■ Recorded information ■
++++++++++

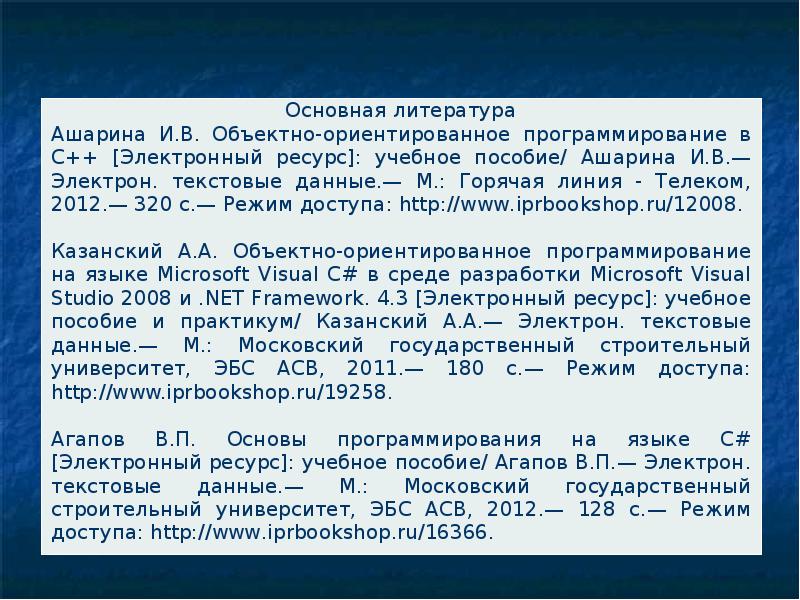 Особенности функционального программирования презентация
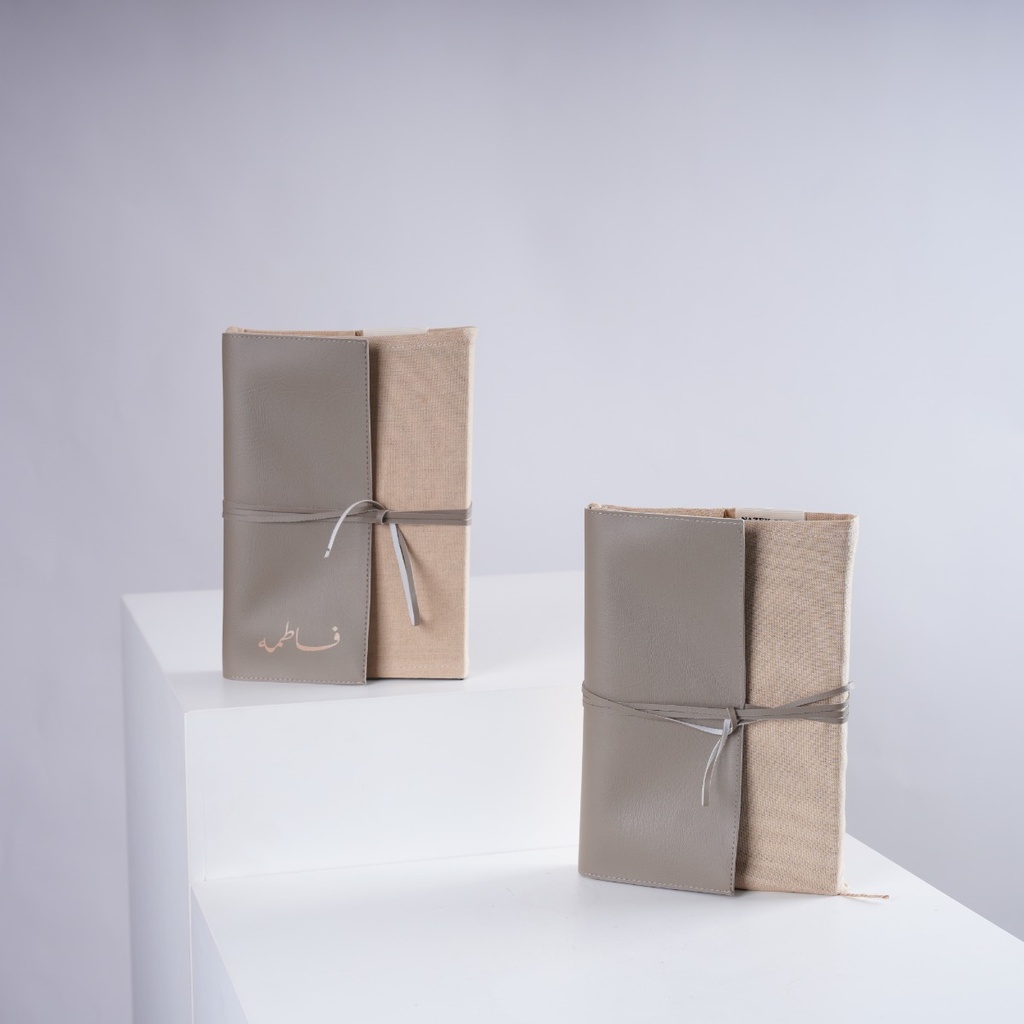 Quran with Linen Cover and Leather Bookmark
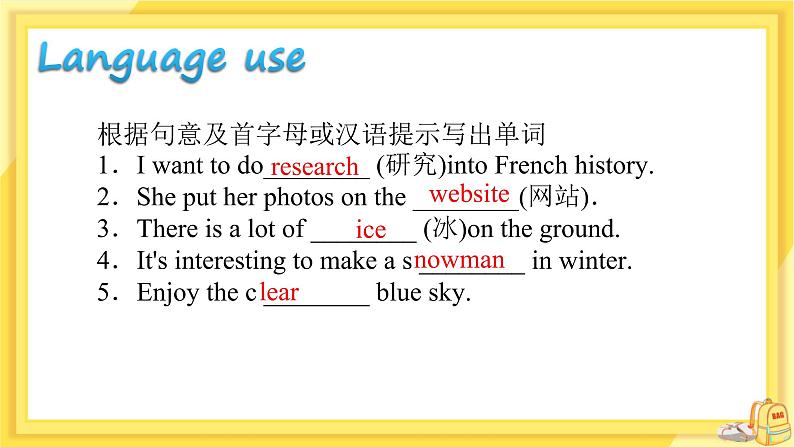 Lesson 32 I Can’t Wait for Winter!（课件PPT+教案+练习）07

++++++++++

■ What is expected ■
All that the answer may contain is the exact text of the lines from the one with "Quran with Linen Cover and Leather Bookmark" through the last line of the material, pictures excluded.

■ Written response ■
 Quran with Linen Cover and Leather Bookmark
 Lesson 32 I Can’t Wait for Winter!（课件PPT+教案+练习）07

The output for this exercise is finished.